Complexity caused by increased adoption of cloud native technologies, economic challenges slowing down cloud migration efforts, and continued proliferation of both hybrid and on-premises environments are driving more IT organizations to consider application observability for monitoring and optimizing application performance, according to The Age of Application Observability, a new report from AppDynamics.
Jump to the Top 5 Benefits of Observability below
The report says a majority of IT professionals surveyed (97%) point to a critical need to move from a monitoring approach to observability solutions for managing multi-cloud and hybrid environments.
Report findings – the challenge
■ 78% believe increased volume of data is making manual monitoring impossible.
■ On average, 49% of their new innovation initiatives are being delivered with cloud-native technologies, and they expect this figure to climb to 58% over the next 5 years. That means that the majority of new digital transformation programs will be built on cloud-native technologies by 2028.
■ 83% state that adoption of cloud native technologies is leading to increased complexity within their IT department, with microservices and containers spawning a massive volume data from metrics, events, logs and traces.

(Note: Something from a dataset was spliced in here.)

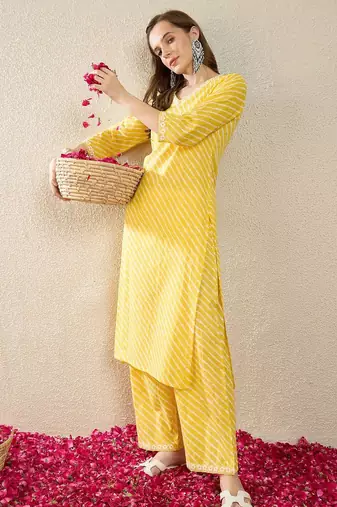 Women Leheriya Printed Regular Thread Work Pure Cotton Kurta with Trousers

■ 80% say an increase in silos between IT teams is a result of managing multi-cloud and hybrid environments.
■ 71% report that leaders within their organization do not fully understand that modern applications need modern approaches and tools to manage availability, performance and security.

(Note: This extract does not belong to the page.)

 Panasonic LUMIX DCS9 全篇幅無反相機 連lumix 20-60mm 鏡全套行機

Report findings – the solution
■ 85% confirm observability is now a strategic priority for their organization.
■ 88% say observability with business context will enable them to be more strategic and spend more time on innovation.
According to respondents, the following are the top five benefits of observability over traditional monitoring solutions:
1. Linking IT performance to business results.
2. Deeper insight and ability to detect and solve root causes of problems.
3. Improved logging, providing early warning of anomalies or unauthorized access.
4. Capability to work across dispersed IT infrastructure, multiple tools and applications.
5. Improved end user experience.
Methodology: The research includes findings from 1,140 IT professionals interviewed across 13 global markets, including the US.